Restate word for word the lines of the records below, starting at the line that contains "Paire de fauteuils" and ending at the line that contains "Postkort som viser", with both of those lines included and nothing else.

#### GIVEN DATA ####

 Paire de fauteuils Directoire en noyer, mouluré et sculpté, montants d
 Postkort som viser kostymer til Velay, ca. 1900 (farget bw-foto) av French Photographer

####
#### GIVEN DATA ####

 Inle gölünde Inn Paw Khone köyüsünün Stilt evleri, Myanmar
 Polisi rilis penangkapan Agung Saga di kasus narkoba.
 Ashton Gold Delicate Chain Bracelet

####

» ANSWER AREA:
 Paire de fauteuils Directoire en noyer, mouluré et sculpté, montants d
 Postkort som viser kostymer til Velay, ca. 1900 (farget bw-foto) av French Photographer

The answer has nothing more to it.